Crichton entered the season as an outsider among the elite defensive end prospects, but his production along with the success of the Oregon State football program is going vault him into first round status.
Adrian Hubbard, Outside Linebacker Alabama
Having two players on this list from the Crimson Tide is unusual. For Hubbard, it's not that he is a bad player at all. In fact, he is a very good player. But, to be included among the very top of the pass rushers in the 2014 class you have to play special, and so far in 2013, Hubbard hasn't been special.
As the season goes on, the hope is that Alabama lets Hubbard cut loose and rush the passer with more free will and reckless abandon to better assess his technical skills and explosion. As of now, it is uncertain just how effective he can be in the NFL.
Shayne Skov, Inside Linebacker Stanford
Last year was not what Stanford linebacker Shayne Skov wanted. He dealt with injuries for much of the season and his production was well below what many expected of him.
But this year he is healthy and playing like it. Skov has 25 tackles in three games, which puts him on pace for 100 on the season. Critics of Skov point to his lack of athleticism at the middle linebacker spot but Skov has shown excellent speed and quickness this year.
Skov has a shot to work his way into a second-round pick if he can keep up this pace. He is cut from the same mold as current New Orleans Saints linebacker Curtis Lofton. A big, strong thumper on the inside who can stuff the run. He won't dazzle you running in his underwear, but is a rock solid football player.
Tajh Boyd, Quarterback Clemson
If this list came out after the first week of the season, no doubt Clemson quarterback Tajh Boyd would have been on the stock up list.

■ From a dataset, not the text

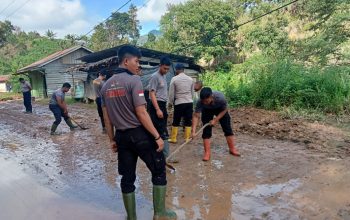 Brimob BKO Polda Aceh dan Polres Aceh Tengah Gerak Cepat Bersihkan Jalan Nasional Licin Pascabencana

But, with a very average performance against South Carolina sandwiched in between two excellent games, it is time to temper the enthusiasm a bit and look at Boyd a little more critically.
Boyd's stock takes a hit in large part for things he cannot control. The Clemson offense doesn't allow him to showcase his deep or even intermediate game on a regular basis. This makes his evaluation more challenging.
His stock is also hurt by the fact that a month into the college football season players begin to emerge and that shuffles the more known commodities around. Boyd can still cement a first round pick, but it is where in the round he ends up that he needs to try and control this season.